Distribution

Source Distribution

Maturin supports building through pyproject.toml. To use it, create a pyproject.toml next to your Cargo.toml with the following content:

[build-system]
requires = ["maturin>=0.12,<0.13"]
build-backend = "maturin"

If a pyproject.toml with a [build-system] entry is present, maturin will build a source distribution of your package, unless --no-sdist is specified. The source distribution will contain the same files as cargo package. To only build a source distribution, use the maturin sdist command.

You can then e.g. install your package with pip install .. With pip install . -v you can see the output of cargo and maturin.

You can use the options compatibility, skip-auditwheel, bindings, strip, cargo-extra-args and rustc-extra-args under [tool.maturin] the same way you would when running maturin directly. The bindings key is required for cffi and bin projects as those can't be automatically detected. Currently, all builds are in release mode (see this thread for details).

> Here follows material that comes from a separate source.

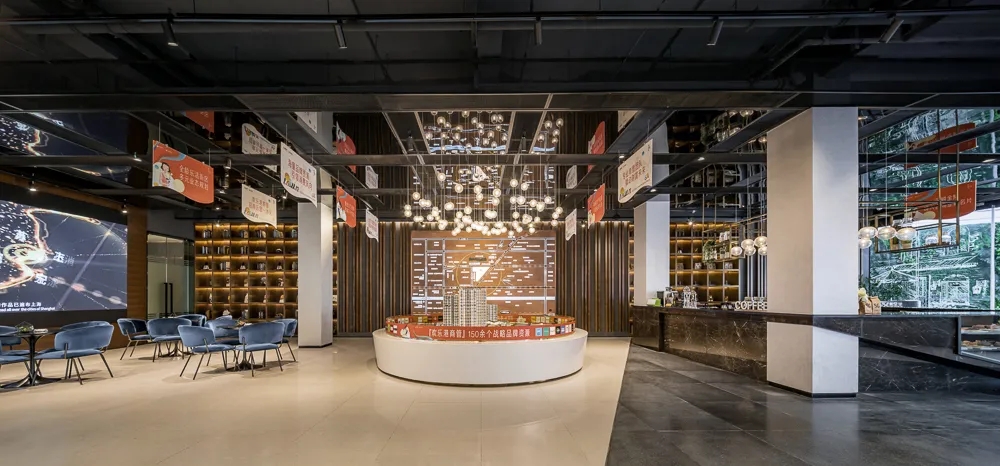 南京六合景瑞熙棠里规划,景瑞熙棠里商业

For a non-manylinux build with cffi bindings you could use the following:

[build-system]
requires = ["maturin>=0.12,<0.13"]
build-backend = "maturin"

[tool.maturin]
bindings = "cffi"
compatibility = "linux"

manylinux option is also accepted as an alias of compatibility for backward compatibility with old version of maturin.

To include arbitrary files in the sdist for use during compilation specify sdist-include as an array of globs:

[tool.maturin]
sdist-include = ["path/**/*"]

Build Wheels

For portability reasons, native python modules on linux must only dynamically link a set of very few libraries which are installed basically everywhere, hence the name manylinux. The pypa offers special docker images and a tool called auditwheel to ensure compliance with the manylinux rules. If you want to publish widely usable wheels for linux pypi, you need to use a manylinux docker image or build with zig.

The Rust compiler since version 1.47 requires at least glibc 2.11, so you need to use at least manylinux2010. For publishing, we recommend enforcing the same manylinux version as the image with the manylinux flag, e.g. use --manylinux 2014 if you are building in quay.io/pypa/manylinux2014_x86_64. The messense/maturin-action github action already takes care of this if you set e.g. manylinux: 2014.

maturin contains a reimplementation of auditwheel automatically checks the generated library and gives the wheel the proper platform tag.

  • If your system's glibc is too new, it will assign the linux tag.
  • If you link other shared libraries, maturin will try to bundle them within the wheel, note that this requires patchelf, it can be installed along with maturin from PyPI: pip install maturin[patchelf].

You can also manually disable those checks and directly use native linux target with --manylinux off.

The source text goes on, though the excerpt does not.